GRASS VALLEY, Calif. Half a century after the last major gold mine closed in the heart of California's Gold Country, efforts are under way to revive the industry that lured mass settlement in the 19th century.
Grass Valley, a town of 13,000 people in the heart of California's Sierra Nevada, was once home to the state's two richest mines -- the Empire Mine and the Idaho-Maryland Mine.
Emgold Mining Corp , a Vancouver, Canada-based company, says there is still gold in thar hills, and is planning to spend about $100 million to reopen the latter mine, possibly in 2007. Gold production would not begin before 2010.
"We think it's a very, very rich mine," Emgold Vice President Ian Chang said.
The Idaho Maryland Mine produced more than 2.3 million ounces of gold between 1862 and 1956, but with costs rising and the price of gold fixed at $35 an ounce, a century of production came to an end and the tunnels eventually flooded with water.
An effort that did not make sense at $35 a ounce is very much worth making with current prices above $550, company officials say.
Jack Clark, 85, an underground mine superintendent when it closed in 1956, fondly remembers the importance of the mine for Grass Valley and neighboring Nevada City.
"Mining built the two towns," he said, recalling that even during the Depression the mines were able to offer jobs. "If I were young, I'd probably do the same thing."
Author of "Gold in Quartz - The Legendary Idaho Maryland Mine," Clark is now an Emgold adviser seeking to revive some of that lively past.
Company officials say the mine could yield 1.4 million ounces of gold over 20 years, and are using 4,000 old mine maps as well as old geological samples to guide them to the gold ore.
The company's plans call for draining water from 70 miles of underground tunnels and to reuse the mine's tailings -- the mine waste materials -- to produce ceramic tiles.

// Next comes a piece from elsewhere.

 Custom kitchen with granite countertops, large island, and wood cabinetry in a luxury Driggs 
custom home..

Ross Guenther, an Emgold director and the Idaho-Maryland Mining Corp. project manager in Grass Valley, said the mine could employ 200 miners and another 200 workers at its ceramic tile manufacturing plant.

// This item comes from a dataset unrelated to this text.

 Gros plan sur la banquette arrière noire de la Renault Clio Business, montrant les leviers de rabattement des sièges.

Earlier plans to reopen the mine were shelved in the 1990s after the price of gold dropped to $250 an ounce, a 20-year low, Guenther said. Today he heads a staff of about 25 engineers, geologists and technicians working right above the mine's flooded tunnels.
TOWN UNSURE ABOUT MINE
Grass Valley officials are now reviewing Emgold's plans, a process that includes in-depth environmental studies that could last through the summer of 2007. The mayor and city council must approve the project as the land would have to be rezoned to operate as a mine again.
Mayor Gerard Tassone said he has not yet made up his mind about the mine project but has expressed concern that nearby residential wells could run dry when the water is pumped out of the mine's tunnels.

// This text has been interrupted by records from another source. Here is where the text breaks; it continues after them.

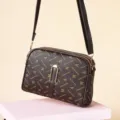 Brown monogram crossbody bag with dual compartments, adjustable strap and front buckle design. - Small Letter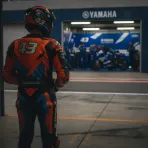 A MotoGP rider in orange leathers contemplates a move to a rival manufacturer's blue-liveried team.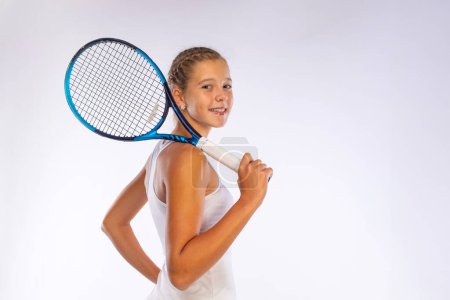 Photo for Tennis player. Download a photo to advertise your sports tennis academy for kids. Girl athlete teenager with racket isolated on white background. Sport concept - Royalty Free Image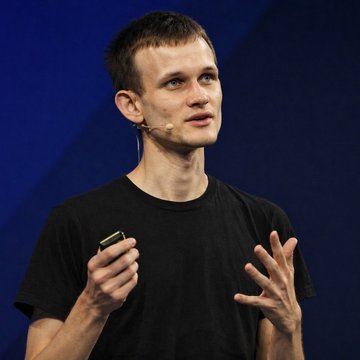 A young man with short hair wearing a black t-shirt and a headset microphone speaks while gesturing with his hands against a dark blue background, appearing to be giving a presentation. The image likely depicts Vitalik Buterin, Ethereum's co-founder, delivering the talk referenced in the caption about cryptocurrency's resilience in the AI era.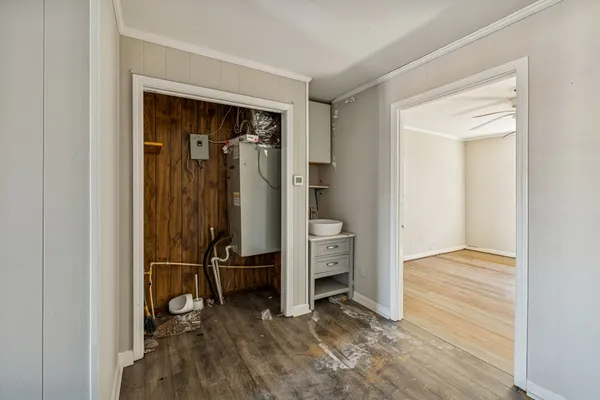a view of a hallway with wooden floor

He also questions the cost of a "tremendous" natural gas consumption the ceramic plant would require, referring to Emgold's plans to use 2.1 billion cubic feet of natural gas per year to operate its ceramic tile manufacturing plant.
Another city council member, Dean Williams, argues that the land should be used for apartments and offices instead of a mine.
Although the business community has expressed support for the project, other community members have raised questions about the project. They worry about air, noise and traffic pollution from the mine and the company's proposal to empty treated mine wastewater into a tributary of Wolf Creek, a stream that travels through town.
Rick Sanger, president of the Wolf Creek Community Alliance, a Grass Valley-based group that wants to build a pedestrian walkway along the creek, questions the mine wastewater's effect on the creek's natural habitat.
But Ray Shine, a Grass Valley attorney who grew up in town, would love to see the mine reopen, in part because it would create jobs and keep young families in the area.
"I think it's a wonderful idea, assuming they can do what they say they can do," he said.